## [What the exercise asks]
Pictures aside, repeat the listing below exactly.
Segment Start: Information
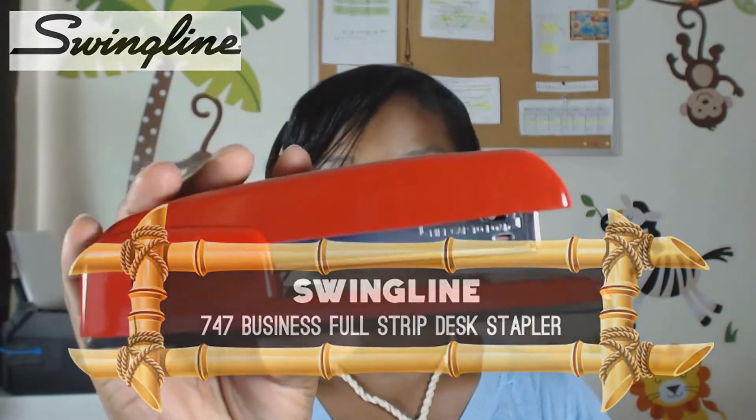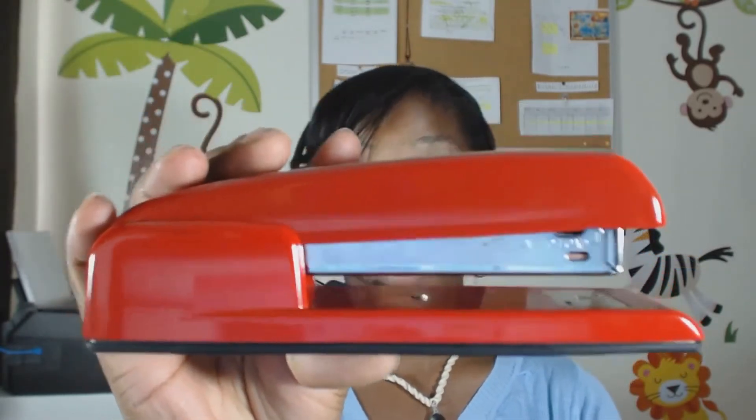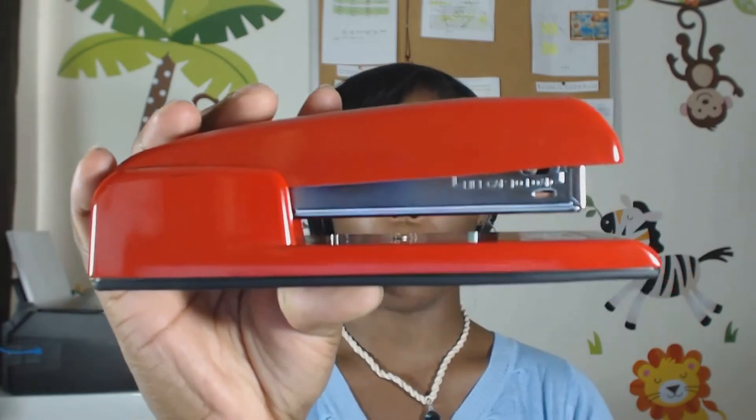Now this stapler, my camera really does it no justice at all. The one that I have for you today is part of their collector's edition. It does come in this gorgeous, real red color. And let me tell you, this color is sure to brighten up anybody's boring, dreary old office.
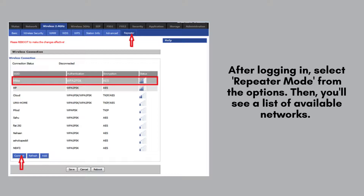After logging in, select repeater mode from the options. Then, you'll see a list of available networks. Choose your home Wi-Fi network and enter the password. Click Apply to save the settings.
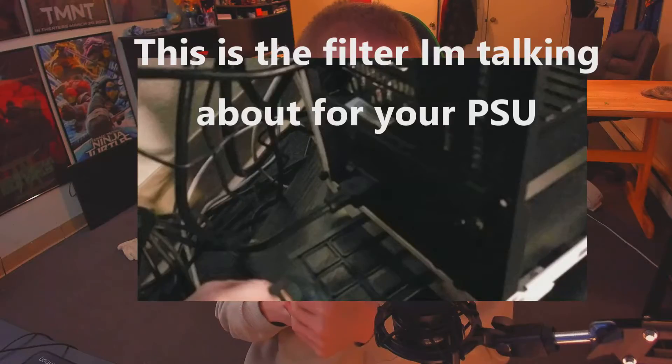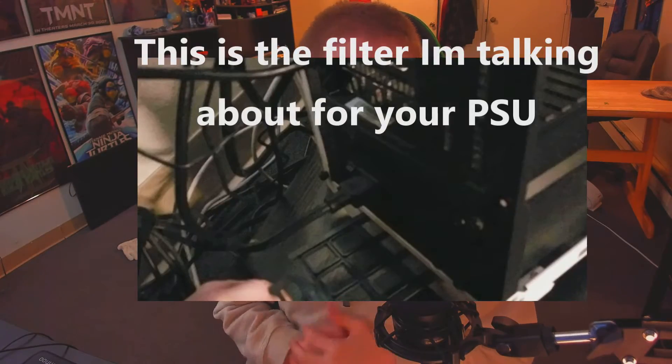A couple of things to check to make sure things are working properly: the filter underneath your power supply — that's something a lot of people forget about. The filter in the front is the one most people think about, like 'is there a bunch of dust in the front of my computer?' But make sure you also check the dust filter underneath your power supply.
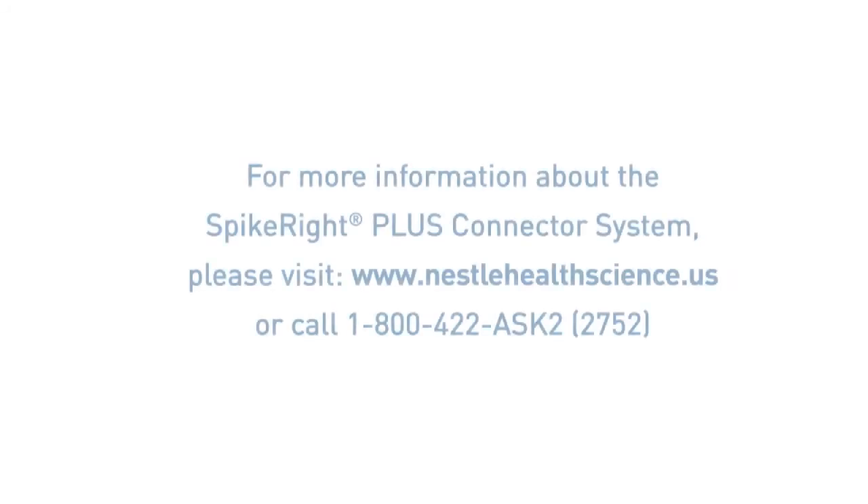If you have questions or comments, please visit our website at www.NestleHealthScience.us or call us at 1-800-422-ASK-2.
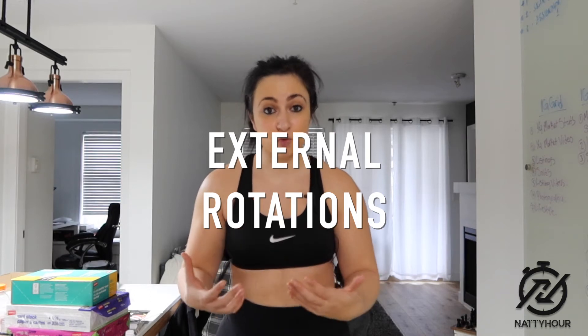Focusing on doing some external rotations is a great dynamic movement that you want to perform before an upper body day. The reason why it's so important is because the shoulder is one of the most mobile joints in the human body where it can move in all planes of motion. It's a ball and socket joint where it can move in any direction.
Segment End: Information
## [Task answer]
Now this stapler, my camera really does it no justice at all. The one that I have for you today is part of their collector's edition. It does come in this gorgeous, real red color. And let me tell you, this color is sure to brighten up anybody's boring, dreary old office.
After logging in, select repeater mode from the options. Then, you'll see a list of available networks. Choose your home Wi-Fi network and enter the password. Click Apply to save the settings.
A couple of things to check to make sure things are working properly: the filter underneath your power supply — that's something a lot of people forget about. The filter in the front is the one most people think about, like 'is there a bunch of dust in the front of my computer?' But make sure you also check the dust filter underneath your power supply.
If you have questions or comments, please visit our website at www.NestleHealthScience.us or call us at 1-800-422-ASK-2.
Focusing on doing some external rotations is a great dynamic movement that you want to perform before an upper body day. The reason why it's so important is because the shoulder is one of the most mobile joints in the human body where it can move in all planes of motion. It's a ball and socket joint where it can move in any direction.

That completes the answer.